Evaluating Transformer Models and Human Behaviors on Chinese Character Naming
This work addresses the challenge of modeling grapheme-phoneme mapping in non-alphabet languages like Chinese for cognitive science and AI applications, though it is incremental as it extends existing methods to a new domain.
The study tackled the problem of evaluating how well transformer models capture human behavior in naming unknown Chinese characters, finding that models and humans had similar accuracy distributions, substantial answer overlap, and high correlation in their responses.
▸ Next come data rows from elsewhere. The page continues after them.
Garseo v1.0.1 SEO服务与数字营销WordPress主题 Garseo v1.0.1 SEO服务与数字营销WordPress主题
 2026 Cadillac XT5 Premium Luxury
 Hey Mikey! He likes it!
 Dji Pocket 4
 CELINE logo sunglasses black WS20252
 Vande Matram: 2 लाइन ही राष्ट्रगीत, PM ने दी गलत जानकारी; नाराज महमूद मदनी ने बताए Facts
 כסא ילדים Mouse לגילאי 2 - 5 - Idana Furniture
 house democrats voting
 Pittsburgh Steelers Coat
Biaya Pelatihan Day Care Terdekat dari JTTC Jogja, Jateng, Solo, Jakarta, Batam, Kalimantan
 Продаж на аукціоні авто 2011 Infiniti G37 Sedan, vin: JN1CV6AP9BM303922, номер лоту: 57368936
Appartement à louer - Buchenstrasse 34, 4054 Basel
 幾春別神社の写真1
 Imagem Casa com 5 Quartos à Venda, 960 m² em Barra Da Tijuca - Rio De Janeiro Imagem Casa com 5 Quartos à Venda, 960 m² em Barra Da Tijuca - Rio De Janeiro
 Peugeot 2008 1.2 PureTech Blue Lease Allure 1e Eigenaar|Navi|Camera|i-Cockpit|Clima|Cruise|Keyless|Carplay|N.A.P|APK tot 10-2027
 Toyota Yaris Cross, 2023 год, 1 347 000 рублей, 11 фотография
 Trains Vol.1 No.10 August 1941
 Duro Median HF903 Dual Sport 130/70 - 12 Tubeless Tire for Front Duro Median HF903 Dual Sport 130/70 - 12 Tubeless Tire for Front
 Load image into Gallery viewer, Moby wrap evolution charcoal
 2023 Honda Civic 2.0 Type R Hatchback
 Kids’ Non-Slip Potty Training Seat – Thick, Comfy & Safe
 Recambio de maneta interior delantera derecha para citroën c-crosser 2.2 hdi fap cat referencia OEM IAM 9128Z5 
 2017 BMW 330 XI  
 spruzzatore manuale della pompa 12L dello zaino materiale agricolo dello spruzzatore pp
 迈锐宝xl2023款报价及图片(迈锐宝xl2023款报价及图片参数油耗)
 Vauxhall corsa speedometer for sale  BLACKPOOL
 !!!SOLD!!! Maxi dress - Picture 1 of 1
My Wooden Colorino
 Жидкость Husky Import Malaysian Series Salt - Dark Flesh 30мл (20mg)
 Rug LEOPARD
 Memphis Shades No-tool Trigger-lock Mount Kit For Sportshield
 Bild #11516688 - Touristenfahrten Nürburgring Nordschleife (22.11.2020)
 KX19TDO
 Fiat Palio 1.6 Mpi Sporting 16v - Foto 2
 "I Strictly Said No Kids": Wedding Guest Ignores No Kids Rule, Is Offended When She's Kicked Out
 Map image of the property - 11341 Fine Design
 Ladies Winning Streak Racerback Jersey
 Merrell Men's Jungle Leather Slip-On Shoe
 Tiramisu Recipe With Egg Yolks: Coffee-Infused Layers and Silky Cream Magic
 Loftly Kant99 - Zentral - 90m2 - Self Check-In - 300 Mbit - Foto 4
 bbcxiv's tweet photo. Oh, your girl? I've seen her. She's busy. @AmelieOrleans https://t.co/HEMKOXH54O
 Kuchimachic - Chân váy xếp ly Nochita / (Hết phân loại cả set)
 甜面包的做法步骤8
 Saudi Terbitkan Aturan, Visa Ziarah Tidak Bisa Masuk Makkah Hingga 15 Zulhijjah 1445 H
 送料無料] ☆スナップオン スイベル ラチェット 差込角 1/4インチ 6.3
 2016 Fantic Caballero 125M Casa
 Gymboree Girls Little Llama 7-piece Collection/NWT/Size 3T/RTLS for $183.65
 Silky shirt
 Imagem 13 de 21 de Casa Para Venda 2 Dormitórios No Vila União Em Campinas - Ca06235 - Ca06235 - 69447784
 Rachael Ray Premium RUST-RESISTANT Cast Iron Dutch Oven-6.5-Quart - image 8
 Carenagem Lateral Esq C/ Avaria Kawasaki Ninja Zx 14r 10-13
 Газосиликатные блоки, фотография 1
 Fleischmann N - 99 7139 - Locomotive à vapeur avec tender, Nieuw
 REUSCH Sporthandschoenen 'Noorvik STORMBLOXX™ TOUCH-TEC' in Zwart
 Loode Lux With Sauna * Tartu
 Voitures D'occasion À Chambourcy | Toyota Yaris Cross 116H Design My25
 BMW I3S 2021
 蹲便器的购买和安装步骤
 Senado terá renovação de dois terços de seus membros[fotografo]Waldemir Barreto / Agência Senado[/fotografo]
Neural network models have been proposed to explain the grapheme-phoneme mapping process in humans for many alphabet languages. These models not only successfully learned the correspondence of the letter strings and their pronunciation, but also captured human behavior in nonce word naming tasks. How would the neural models perform for a non-alphabet language (e.g., Chinese) unknown character task? How well would the model capture human behavior? In this study, we first collect human speakers' answers on unknown character naming tasks and then evaluate a set of transformer models by comparing their performances with human behaviors on an unknown Chinese character naming task. We found that the models and humans behaved very similarly, that they had similar accuracy distribution for each character, and had a substantial overlap in answers. In addition, the models' answers are highly correlated with humans' answers. These results suggested that the transformer models can well capture human's character naming behavior.